The Kabbalah is about the Kabbalah, though, because the top men who started it had a closeted idea. It was what you’d call a meta-idea. They didn’t want to bring that idea out into the light, because if they had, everyone would have frowned and gone home before the text ever got off the ground. Everyone would have said, “Aw, that’s ridiculous! How can we take off on that? It’s too stark. It’s too simple. It’s too wide. It’s too permissive.”

And they would have been right.

So the stated theme, the net that dragged in authors, was HOW DOES MAN APPROACH GOD. That was floated, and then authors were happy and they could write reams on that subject, and they did. They were motivated. They could bring a lot to the table.

At this point, I should say I’m not interested in that theme. Not at all. The reasons are many. But if we leave God out of the equation, we could have something very interesting.

If you like the inclusion of God, fine. If you don’t you could substitute any of your favorite Ultimates.

Thus the theme becomes, in general, HOW DOES MAN APPROACH ULTIMATE?

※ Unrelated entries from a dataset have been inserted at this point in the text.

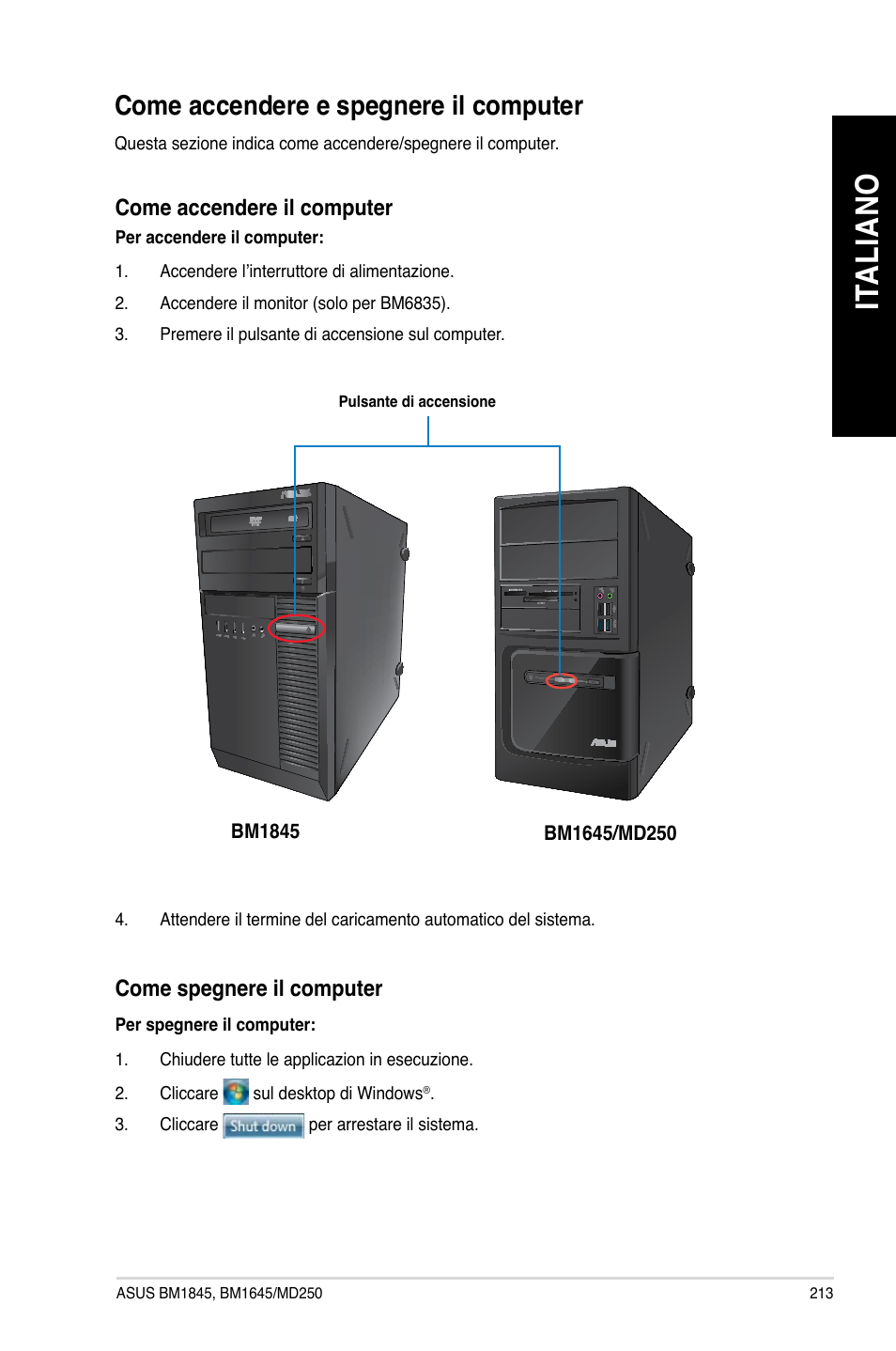 Come accendere e spegnere il computer, Ita lia no it al ia no | Asus BM1845 User Manual | Page 215 / 644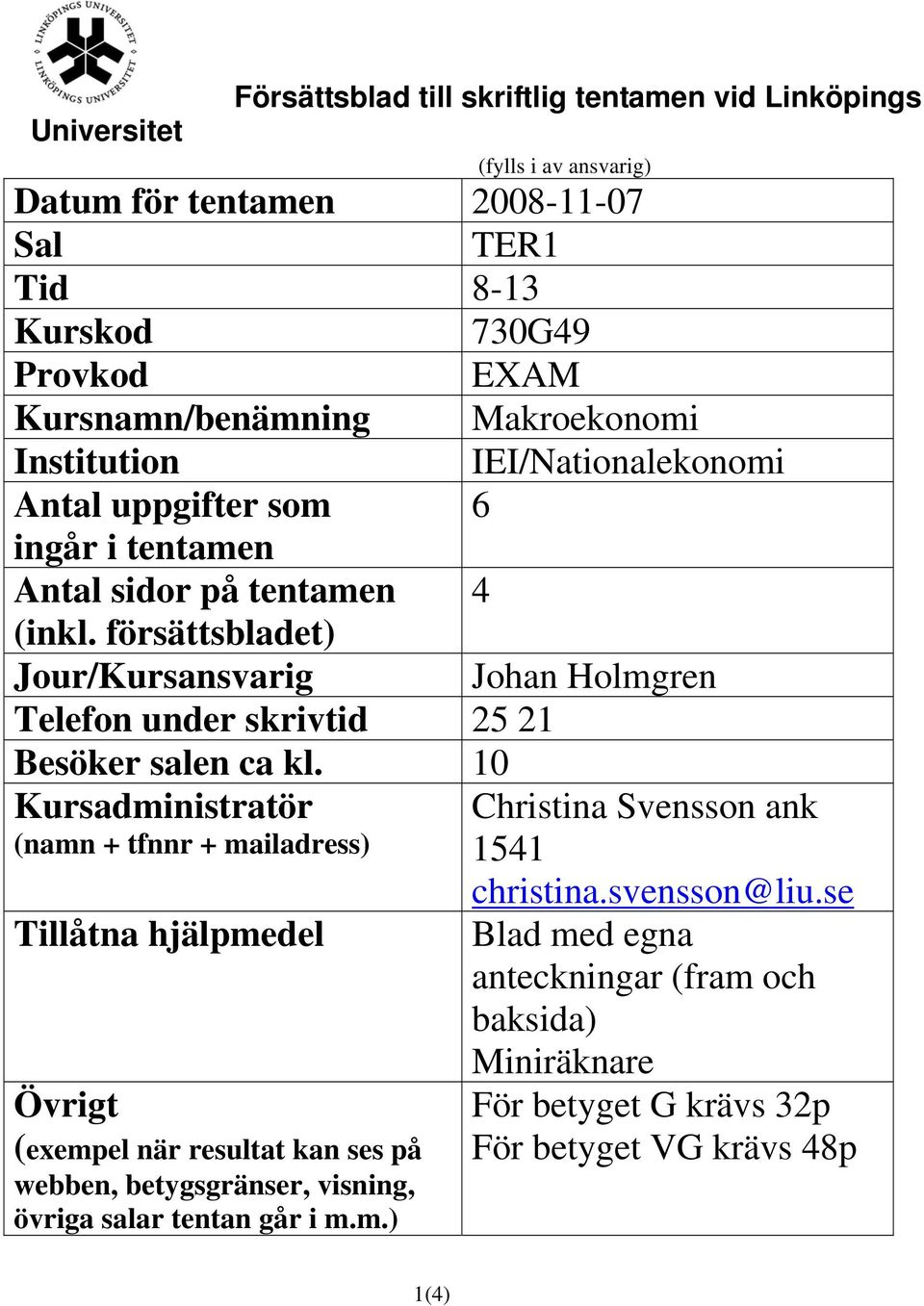 försättsbladet) Jour/Kursansvarig Johan Holmgren Telefon under skrivtid 25 21 Besöker salen ca kl.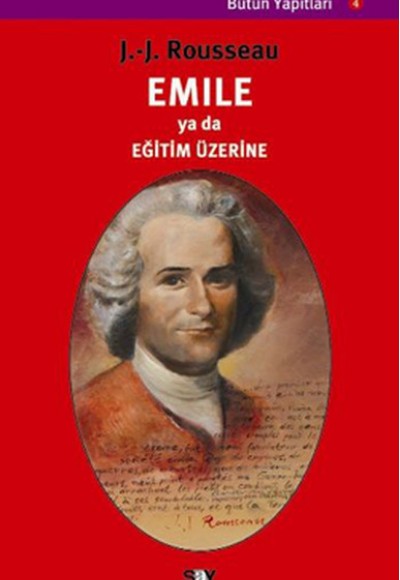 Emile ya da Eğitim Üzerine Emile ya da Eğitim Üzerine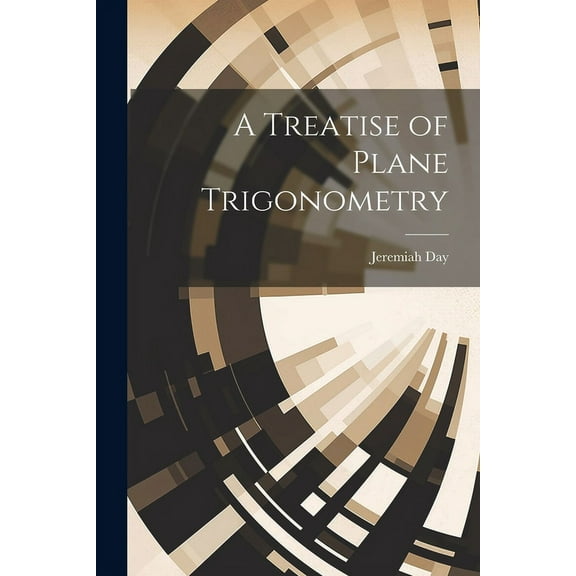 A Treatise of Plane Trigonometry (Paperback)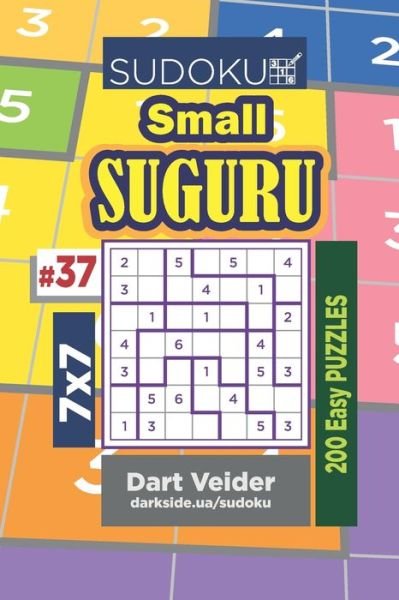 Cover for Dart Veider · Sudoku Small Suguru - 200 Easy Puzzles 7x7 (Volume 37) (Taschenbuch) (2019)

Of course, we would have to decide whether ultimate means or implies a STOPPING PLACE, a final haven, or whether it means an infinite road which keeps getting better as you go.

I opt for the latter. That’s my preference.

But these top few men who started the Kabbalah, as I said, had a secret meta-idea. Not the stated theme. Their secret idea was: YOU APPROACH GOD (or Ultimate), YOU GET CLOSER THROUGH…PROLIFERATION.

Proliferation of what?

Creation.

Human creation.

Creation, in particular, of more language, more poetry, more philosophy, more knowledge, more science, more learning…but most of all, through more language, new invented poetic metaphorical suggestive language.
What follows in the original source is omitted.